In regards to depending on a service like docker.io, there is a bug for a quarterly goal to investigate storing images as artifacts within taskcluster. . Unfortunately since this was an Amazon issue in us-east-1, not only would images as artifacts (as proposed in that bug) be disrupted, but also perhaps the creation of our EC2 instances which runs the tasks within that region. While we do have a bug to move away from less robust solutions (like docker.io) to hosting images as artifacts within taskcluster, we still ultimately rely on Amazon. We do not have a good story currently for not exclusively relying on Amazon for our workers but we do have the ability to support multiple regions so if this issue was persistent within a region we do have the option to only provision our workers in other regions. Also, as a side note, relying on other docker registries also wouldn't have solved this problem because the other popular hosted docker registry was also affected by this outage. Although that still would violate the rule of not depending on external resources.  https://bugzilla.mozilla.org/show_bug.cgi?id=1182490  (as stated on status.aws.amazon.com) 3:46 AM PDT Between 12:08 AM and 3:40 AM PDT, Amazon S3 experienced elevated error rates and latencies. We identified the root cause and pursued multiple paths to recovery. The error has been corrected and the service is operating normally.
At the moment we are just waiting for some retriggered jobs to complete, and then the trees will be reopened.
> Could you provide a link to the policy document? Here you go :pmoore https://wiki.mozilla.org/Sheriffing/Job_Visibility_Policy#Must_avoid_patterns_known_to_cause_non_deterministic_failures Specifically "Must not rely on resources from sites whose content we do not control/have no SLA"
https://wiki.mozilla.org/Sheriffing/Job_Visibility_Policy#Must_avoid_patterns_known_to_cause_non_deterministic_failures says: "Must not rely on resources from sites whose content we do not control/have no SLA" If this problem was actually "amazon was down in a way that would affect our 'internal' infrastructure too", then it's quite possible that in this specific case we would have had a problem even if we were self-hosting. But there are any number of reasons that docker.io might go down that should not cause total loss of CI/release service at Mozilla.
> If this problem was actually "amazon was down in a way that would affect our > 'internal' infrastructure too", then it's quite possible that in this > specific case we would have had a problem even if we were self-hosting.

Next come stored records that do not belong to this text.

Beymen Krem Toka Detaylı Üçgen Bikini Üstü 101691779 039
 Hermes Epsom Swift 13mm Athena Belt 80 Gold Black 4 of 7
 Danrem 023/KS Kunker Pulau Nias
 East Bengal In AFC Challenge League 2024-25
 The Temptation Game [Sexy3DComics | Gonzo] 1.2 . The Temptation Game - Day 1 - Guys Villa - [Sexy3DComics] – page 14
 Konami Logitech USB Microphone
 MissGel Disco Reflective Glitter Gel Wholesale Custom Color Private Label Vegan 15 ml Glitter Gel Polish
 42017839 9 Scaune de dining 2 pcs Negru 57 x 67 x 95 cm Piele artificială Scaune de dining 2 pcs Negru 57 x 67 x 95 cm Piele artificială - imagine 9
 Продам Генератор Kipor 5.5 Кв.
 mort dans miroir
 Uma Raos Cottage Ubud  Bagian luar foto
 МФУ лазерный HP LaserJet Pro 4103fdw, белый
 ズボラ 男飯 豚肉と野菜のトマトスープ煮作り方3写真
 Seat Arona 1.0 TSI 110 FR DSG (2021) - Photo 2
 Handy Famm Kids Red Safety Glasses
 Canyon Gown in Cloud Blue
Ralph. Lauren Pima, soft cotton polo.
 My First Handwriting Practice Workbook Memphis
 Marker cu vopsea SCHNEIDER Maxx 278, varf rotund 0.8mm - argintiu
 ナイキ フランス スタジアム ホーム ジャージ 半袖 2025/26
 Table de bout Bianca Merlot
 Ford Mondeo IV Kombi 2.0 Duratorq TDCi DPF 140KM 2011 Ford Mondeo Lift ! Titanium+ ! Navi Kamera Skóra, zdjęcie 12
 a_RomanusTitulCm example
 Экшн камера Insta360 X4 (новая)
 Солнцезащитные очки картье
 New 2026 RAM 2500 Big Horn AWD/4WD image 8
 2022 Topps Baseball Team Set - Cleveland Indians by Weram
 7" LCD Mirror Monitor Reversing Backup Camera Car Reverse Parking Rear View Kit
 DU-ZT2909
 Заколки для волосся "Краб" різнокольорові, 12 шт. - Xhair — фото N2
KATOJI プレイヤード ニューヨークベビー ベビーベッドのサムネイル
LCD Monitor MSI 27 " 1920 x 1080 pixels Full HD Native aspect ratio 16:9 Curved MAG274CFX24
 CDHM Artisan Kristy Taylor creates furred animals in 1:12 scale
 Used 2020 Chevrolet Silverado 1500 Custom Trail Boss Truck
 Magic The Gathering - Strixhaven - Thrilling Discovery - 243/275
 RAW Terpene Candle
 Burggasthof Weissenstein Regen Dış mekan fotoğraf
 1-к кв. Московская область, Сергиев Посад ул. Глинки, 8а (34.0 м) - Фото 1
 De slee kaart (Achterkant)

But > there are any number of reasons that docker.io might go down that should not > cause total loss of CI/release service at Mozilla. Absolutely agree. This is why we are wanting to move images from docker.io to artifacts within taskcluster that could be used. Unfortunately in this case it wouldn't have helped because of a larger Amazon outage, but either way, it would make taskcluster image handling more robust than relying on docker.io and also give us the ability of hosting images in multiple regions.
Moving closed bugs across to new Bugzilla product "TaskCluster".